# Heading to Austria Advice Help Required - Please!



## stewartwebr (May 27, 2005)

Hello,

I have read through all the posts in the section related to touring in Austria. I'm not sure if they have made me even more aprehensive LOL!

Anyway, my Grandmother was born in Austria and I want to go back next month to visit her old house. I intend to go in the Motorhome which is above 3.5 tonnes. So I know I need to get a GO Box.

I used the toll calculator on the website and calculated that joining the motorway at Saltzberg and driving to Villach in my motorhome (tag Axle) will cost in the region of 53 Euros using the least efficient class of vehicle. This is my issue, I have no way of proving the efficiency of the vehicle as my V5 has nothing recorded on it and given the cost and only a 10% saving. Is it acceptable to tell them you have no idea what the emmission class of your vehicle is and go for the highest rate?

Can anyone else give me any advise or help with regard to touring in Austria please. I will have the Smart Car with me so will only be using the motorhome to get to the site.

Thanks in advance

Stewart


----------



## SteveandSue (Aug 25, 2008)

Hi - our first trip to Austria - we thought our van was over 3.5 tons - didn't want to buy a go box - so we bought a detailed road map and just avoided all the toll roads - I have to say it was far easier than we anticipated- we had no problems whatsoever avoiding the tolls
Hope this helps?
Steve


----------



## Patrick_Phillips (Aug 17, 2006)

We came through last year before the new emmissions fees were introduced. Paid €80 for the Go-Box as we are 5 tons.
My understanding is that they are offering a discount if you can prove low emmissions. If you cant, then you pay the full rate.
Patrick


----------



## aescules (Apr 18, 2009)

Hi

I have a 2008 Autotrial Scout, I am going to Austria later this week.

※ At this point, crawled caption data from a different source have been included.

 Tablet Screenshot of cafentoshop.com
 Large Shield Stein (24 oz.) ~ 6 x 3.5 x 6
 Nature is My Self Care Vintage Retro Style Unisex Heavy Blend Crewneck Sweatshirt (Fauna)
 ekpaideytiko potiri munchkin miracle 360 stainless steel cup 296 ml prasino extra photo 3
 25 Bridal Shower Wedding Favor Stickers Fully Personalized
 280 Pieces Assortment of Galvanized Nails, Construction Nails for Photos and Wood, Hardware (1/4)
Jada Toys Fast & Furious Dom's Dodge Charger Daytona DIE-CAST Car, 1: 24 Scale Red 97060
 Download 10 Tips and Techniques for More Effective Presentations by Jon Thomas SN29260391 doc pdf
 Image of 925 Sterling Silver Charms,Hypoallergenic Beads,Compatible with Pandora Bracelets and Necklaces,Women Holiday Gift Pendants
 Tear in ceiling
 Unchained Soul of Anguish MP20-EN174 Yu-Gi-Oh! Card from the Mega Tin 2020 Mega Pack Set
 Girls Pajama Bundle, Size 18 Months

I was very concerned about the complexity of going to Austria and sorting Go-Boxes out etc, but all you do is call at the filling stations before and after the Austrian border.

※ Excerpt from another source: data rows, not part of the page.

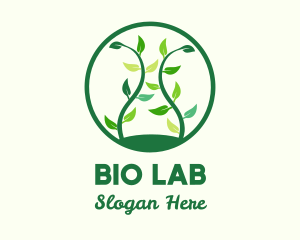 Biology - Green Organic Tree logo design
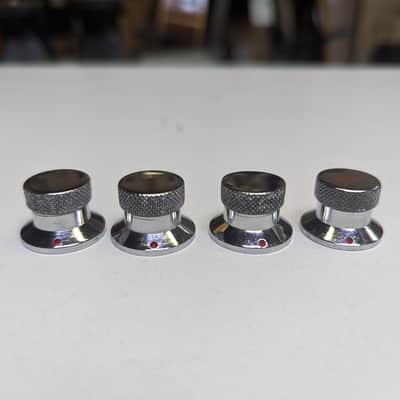 Closet Find! 1969 Vox Chrome Plated Metal Amp Knobs - 4 Pack #2 - No Issues - Near New Condition! image 1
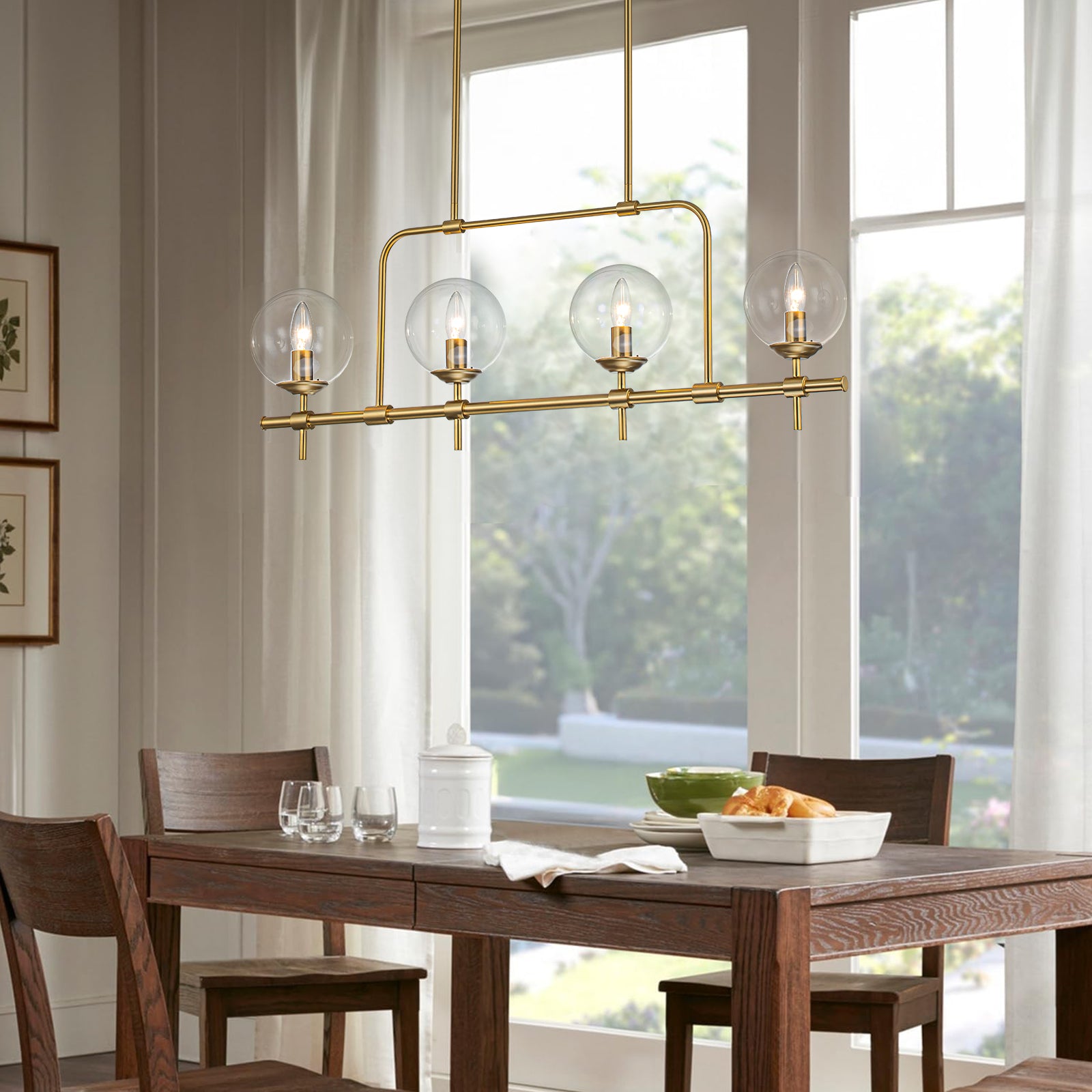 Dining room hot sale globe lighting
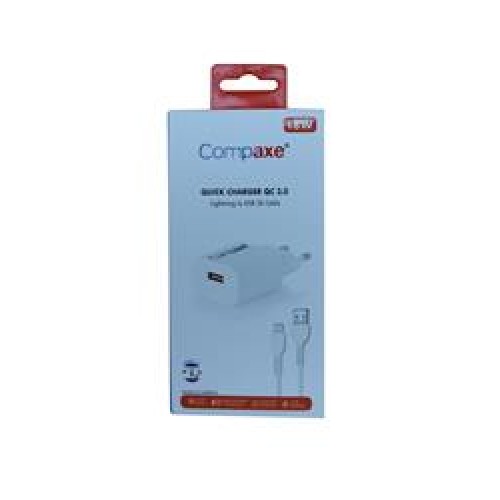 ComPaxe CTA-150IU 5V 3a 18W Ev Şarj Kafa + Lightning Şarj Kablosu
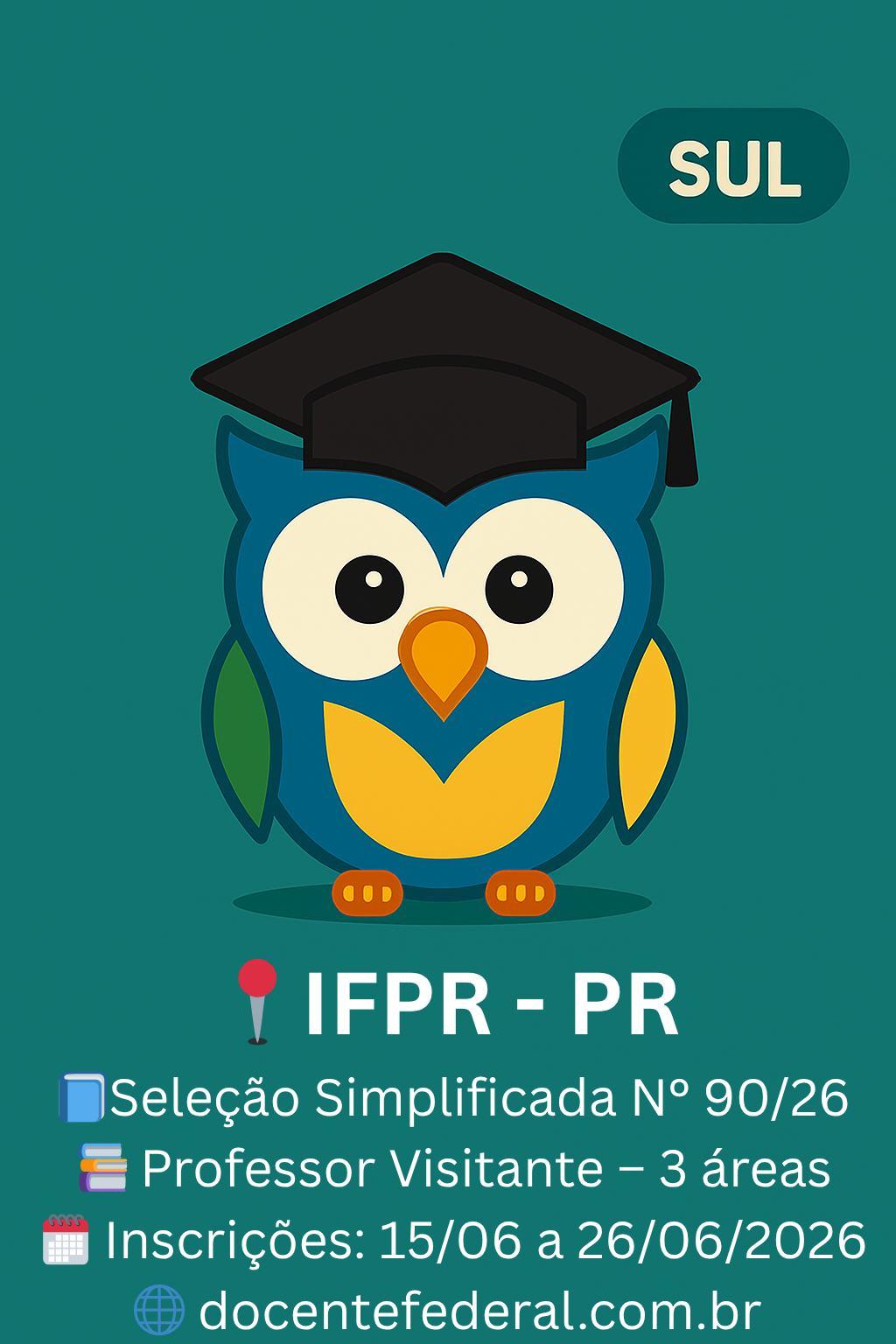IFPR Paranavaí abre seleção para Professor Visitante com 3 vagas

If your vehicle is fairly new you can apply for a reduced toll rate, by proving the emissions of your vehicle.

I have to say the whole process is much more straight forward than the posts suggested, I contacted Autotrail who put me onto there conformity section. I told them my vehicles gross weight was 4250kg, they took the reg number, chassis number and the Autotrial build no.

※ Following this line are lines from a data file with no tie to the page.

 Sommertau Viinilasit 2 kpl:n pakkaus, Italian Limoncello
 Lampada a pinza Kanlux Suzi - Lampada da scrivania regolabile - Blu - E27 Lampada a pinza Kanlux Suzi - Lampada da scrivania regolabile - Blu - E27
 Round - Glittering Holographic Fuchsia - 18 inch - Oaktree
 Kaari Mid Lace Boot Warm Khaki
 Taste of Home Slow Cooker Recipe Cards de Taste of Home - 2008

They then contacted Fiat and got a cerificate of conformity for the chassis, and they provided an Autotrial conformity document. I went onto the Go Box website and down loaded the application form.

I filled in the application form which is easy, I then scanned in the reg doc, the signed application form and the two conformity sheets.

I then e-mailed it to [email protected], within 24 hours I got a phone call from them say my vehicle qualified for the reduced toll fee as it was Euro 4.

Within 12 hours I had phone call from Austria to say that the paperwork was correct, and I would get the reduced rate toll due to my vehicle being Euro 4.

I am told that when I get to Austria, I call at one of the Go filling stations to collect the GoBox, at that time I give them my reg number and there system will show my vehicle is Euro 4.

I have to say you read some bad comments about Autotrail customer service, but they were brilliant with me 5 days from me ringing until getting there letter.

Regards

Andrew


----------



## chrisgog (May 17, 2005)

That is a very clear post as to what to do to enter Austria. Keep us posted as to how it went
Thanks
Chris


----------



## snuff (Sep 21, 2008)

Hi were going to austria in Jan 2011 for a week in our small panel van weight is 3000 kilos will this be a problem with the go box ? will i need one? 

regards

Jay


----------



## SteveandSue (Aug 25, 2008)

*Austria*

Hi Jay
As your van is under 3500 ton you will not need the Go Box for the motorways.
When we toured last year we just went into the service station and bought a Vinette 
It was for 10 days and cost approx 7-9 euros
You can then use the Austrian Motorways
Hope this helps


----------



## snuff (Sep 21, 2008)

Thats good news then ! we will be traveling from Munich to Austria so would we purchase the Vinette in Germany service stations or at the bored ? 


cheers


----------



## Carl_n_Flo (May 10, 2005)

Hi Snuff - Good luck travelling along THAT motorway!!!!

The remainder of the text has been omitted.